ANS (TANS or RANS) in the straightforward implementation writes a large minimum number of bytes.
To be concrete I'll consider a particular extremely bad case : 64-bit RANS with 32-bit renormalization.
The standard coder is :
initialize encoder (at end of stream) :
x = 1<<31
renormalize so x stays in the range x >= (1<<31) and x < (1<<63)
flush encoder (at the beginning of the stream) :
output all 8 bytes of x
decoder initializes by reading 8 bytes of x
decoder renormalizes via :
if ( x < (1<<31) )
{
x <<= 32; x |= get32(ptr); ptr += 4;
}
decoder terminates and can assert that x == 1<<31
this coder outputs a minimum of 8 bytes, which means it wastes up to 7 bytes on low-entropy data
(assuming 1 byte minimum output and that the 1 byte required to byte-align output is not "waste").

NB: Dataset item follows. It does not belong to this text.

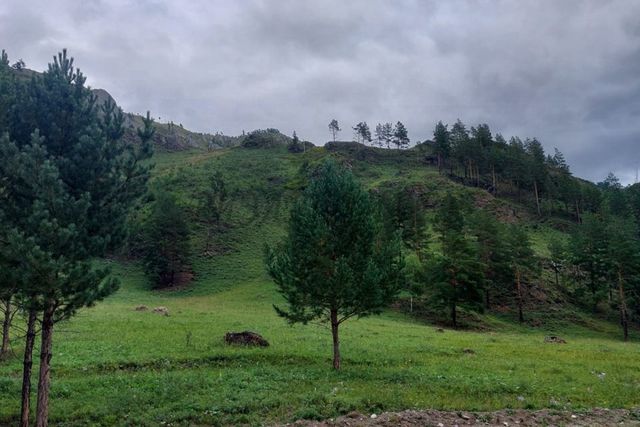 село Чемал фото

In contrast, it's well known how to do minimal flush of arithmetic coders. When the arithmetic coder reaches the end, it has a "low" and "range" specifying an interval. "low" might be 64-bits, but you don't need to output them all, you only need to output enough such that the decoder will get something in the correct interval between "low" and "low+range".
Historically people often did arithmetic coder minimum flush assuming that the decoder would read zero-valued bytes after EOF. I no longer do that. I prefer to do a minimum flush such that decoder will get something in the correct interval no matter what byte follows EOF. This allows the decoder to just read past the end of your buffer with no extra work. (the arithmetic coder reads some # of bytes past EOF because it reads enough to fill "low" with bits, even though the top bits are all that are needed at the end of the stream).
The arithmetic coder minimum flush outputs a number of bytes proportional to log2(1/range) , which is the number of bits of information that are currently held pending in the arithmetic coder state, which is good. The excess is at most 1 byte.
So, to make ANS as clean as arithmetic coding we need a minimal flush. There are two sources of the waste in the normal ANS procedure outlined above.
One is the initial value of x (at the end of the stream). By setting x to (1<<31) , the low end of the renormalization interval, we have essentually filled it with bits it has to flush. (the pending bits in x is log2(x)). But those bits don't contain anything useful (except a value we can check at the end of decoding). One way to remove that waste is to stuff some other value in the initial state which contains bits you care about. Any value you initialize x with, you get back at the end of decoding, so then those bits aren't "wasted". But this can be annoying to find something useful to put in there, since you don't get that value out until the end of decoding.
The other source of waste is the final flush of x (at the beginning of the stream). This one is obvious - the # of pending bits stored in x at any time is log2(x). Clearly we should be flushing the final value of x in a # of bits proportional to log2(x).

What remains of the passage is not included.